At the end of the day, yes there is money at stake because if one set of standards increasingly becomes irrelevant, then whatever funding mechanism is in place whether it's voluntary or mandatory, will be put in jeopardy. People are not going to want to throw money after a set of standards that are irrelevant. That raises the second point.
I don't think Katherine and people that are of such high quality that now serve on FASB would want to be on FASB if their standards become irrelevant. If we run a race and it turns out that only two percent of the companies choose FASB and 98 percent choose International Accounting Standards I think there will be an incredible pressure eventually to have FASB fold, and I think the people at FASB would resist that. So I think yes, there is an incentive for the two to compete with each other.
In fact the main criticism I think of the competition rule is that two bodies is not enough. You may only get a duopoly, and you really need more competition. But here is the problem. If we had five or six or ten standard-setters, then Katherine's point about comparability becomes a real problem because the more bodies you have the more problems you have with reconciliation and the benefits of having the competition in relation to the cost get a little more iffy.
So we'd like to at least see some more competition than what we have now as a way to get the ball started.
MS. SCHIPPER: In terms of your remarks on competition, the Financial Accounting Standards Board and its oversight body the Financial Accounting Foundation and its trustees have made a public commitment to what accountants call convergence with International Accounting Standards. Convergence means that the FASB is committed to working with the IASB to achieve a single set of high quality standards to be used in all political jurisdictions. Therefore the commitment of the FASB's oversight board, the FASB and the IASB is to a model that is very different from the one that Mr. Litan is proposing.
You may say well why would you do that? The FASB is probably working to put itself out of business in the long haul because if there is one international standard-setter I assure you it will not be located in Norwalk, Connecticut. It will be located in some location that represents its international, its global flavor.

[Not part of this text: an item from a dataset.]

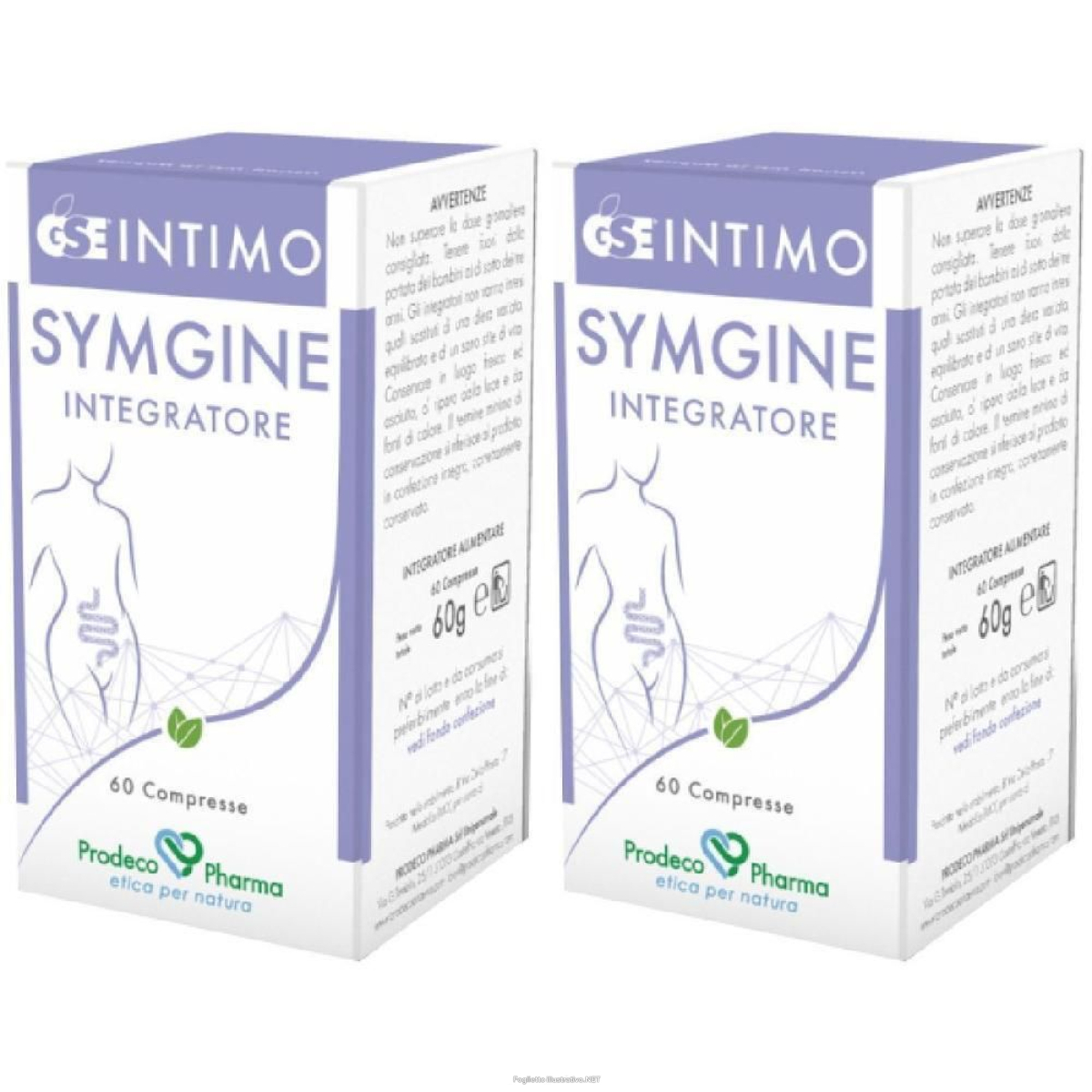 Acquista Online gse® intimo symgine integratore 2x60 g compresse e Cerca il miglior prezzo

When will that be? I don't know. Probably not any time real soon. But in the mean time the model that you're proposing is not the model that has been adopted by the standard-setters worldwide.
MR. LITAN: Agreed, and we just agree to disagree.
MR. HAHN: We'd like to hear from you. If you could raise your hand, wait for the mike to come around, stand up and identify yourself.
QUESTION: Hi, I'm Perry Quick from one of the final four. [Laughter]
Professor Benston, your comments about fair value accounting, I agree with what you're saying and your concerns, but how would you operationalize your alternative to fair value accounting or your improvement in it?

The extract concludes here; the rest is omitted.